WHAT NEEDS TO BE DONE -
Set down, exactly as written, the lines from the line holding "05-06 YAMAHA YZF" to the end of the data, inclusive, skipping any pictures.

Captioned web image data:
━━━━━━━━
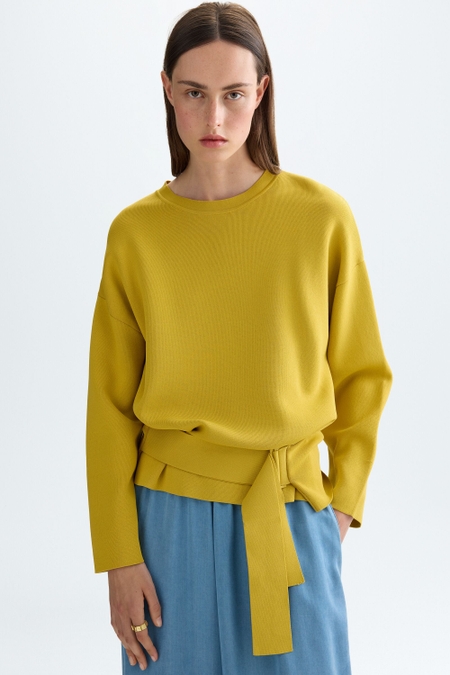 STRETCH-KNIT OVERSIZE SWEATER WITH BELT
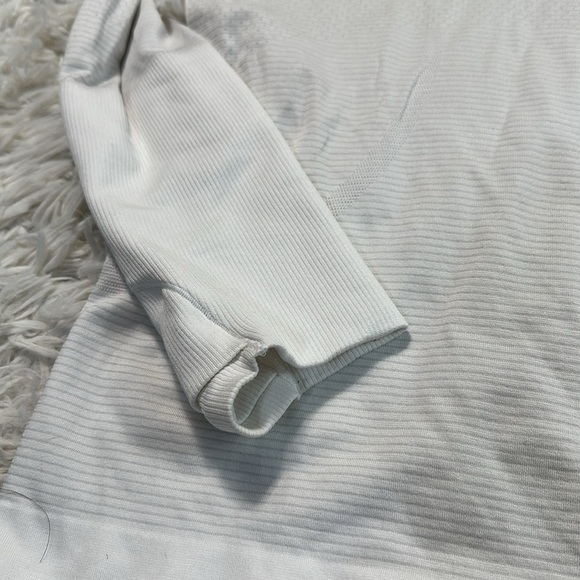 Lululemon Swiftly Tech Long Sleeve Crew Heathered White - Picture 2 of 5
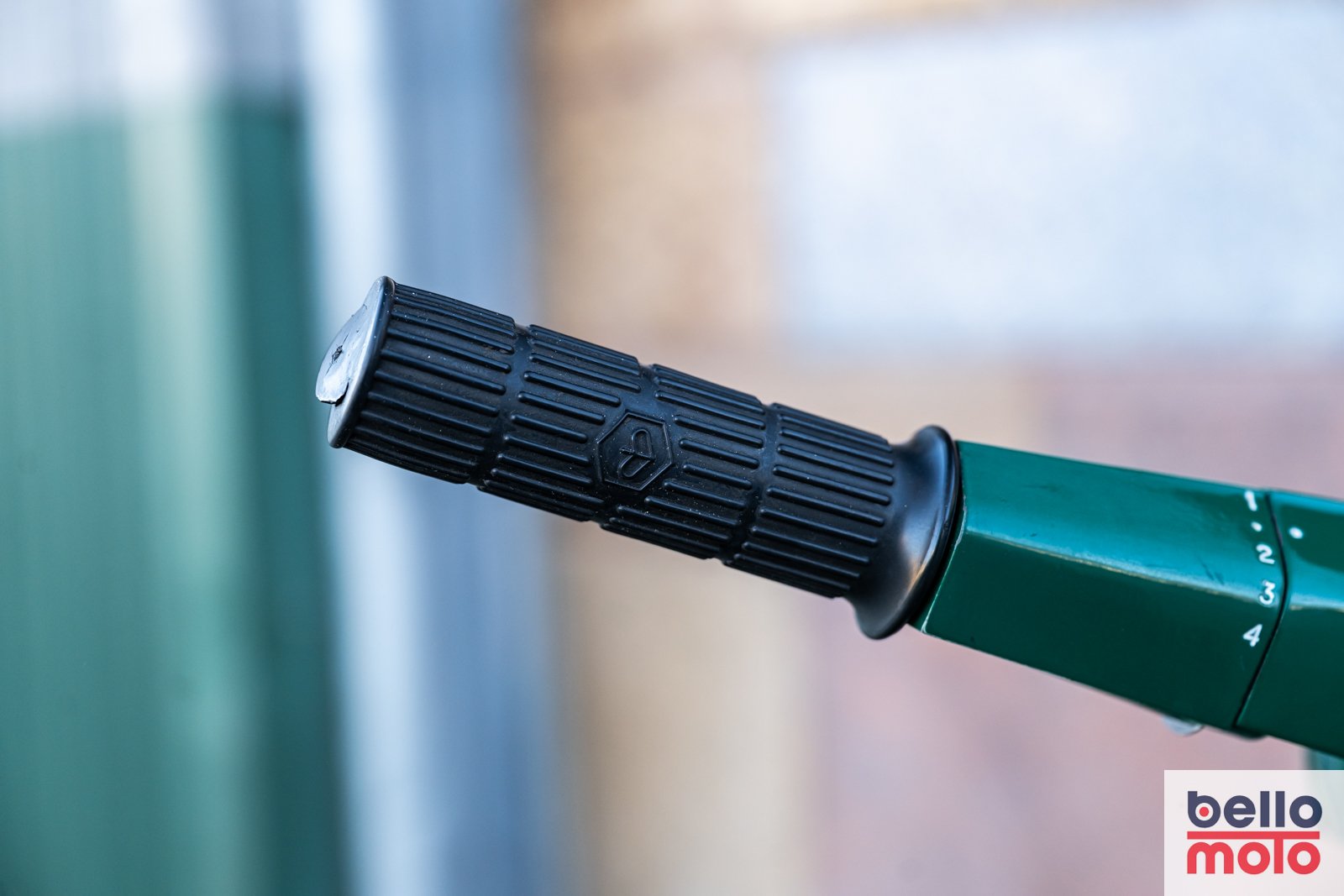 BM475 Vespa 50 Special Verde_1600px-19.jpg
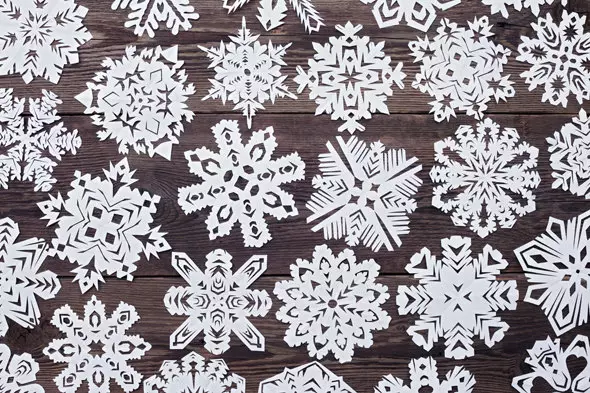 برف ریزه با دستان خود را برای سال جدید از دستمال سفره و فویل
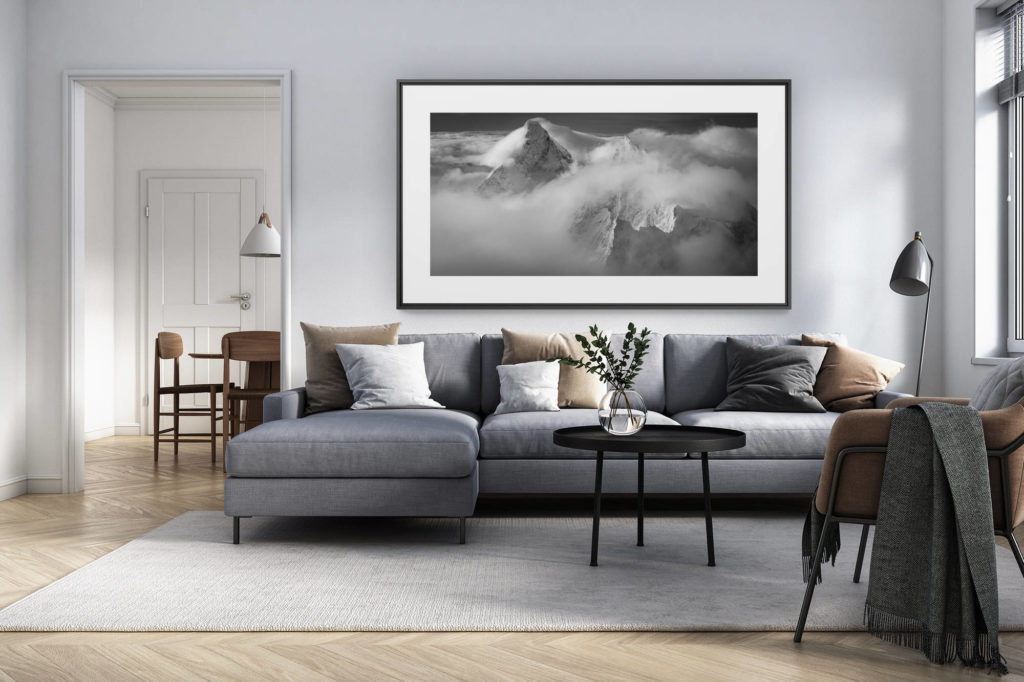 Innendekoration renoviertes Wohnzimmer Schweiz - Alpenpanorama Großformat - Panoramabild matterhorn - Foto von Schnee in den Bergen und Alpengipfel in den Wolken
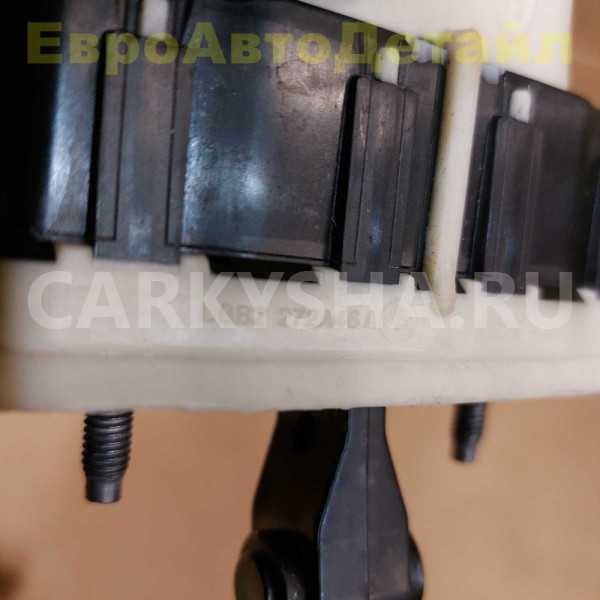 Ограничитель задней двери Land Rover Defender 2 Land Rover Defender оригинальный номер LR131640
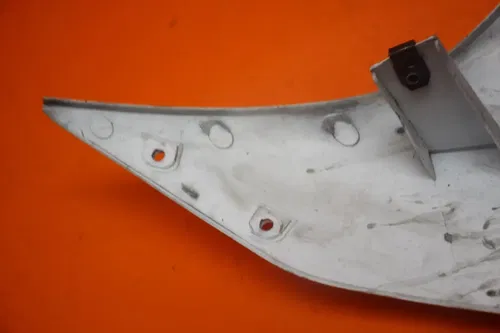 05-06 YAMAHA YZF R1 ZXMT RIGHT MID UPPER SIDE FAIRING COWL PLASTIC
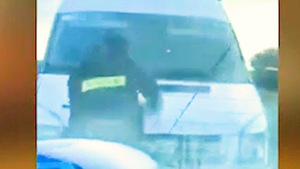 Video: Khoảnh khắc chiến sĩ cảnh sát cơ động bám vào xe ôtô trước khi bị cán tử vong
━━━━━━━━
ANSWER FOR THE TASK -
 05-06 YAMAHA YZF R1 ZXMT RIGHT MID UPPER SIDE FAIRING COWL PLASTIC
 Video: Khoảnh khắc chiến sĩ cảnh sát cơ động bám vào xe ôtô trước khi bị cán tử vong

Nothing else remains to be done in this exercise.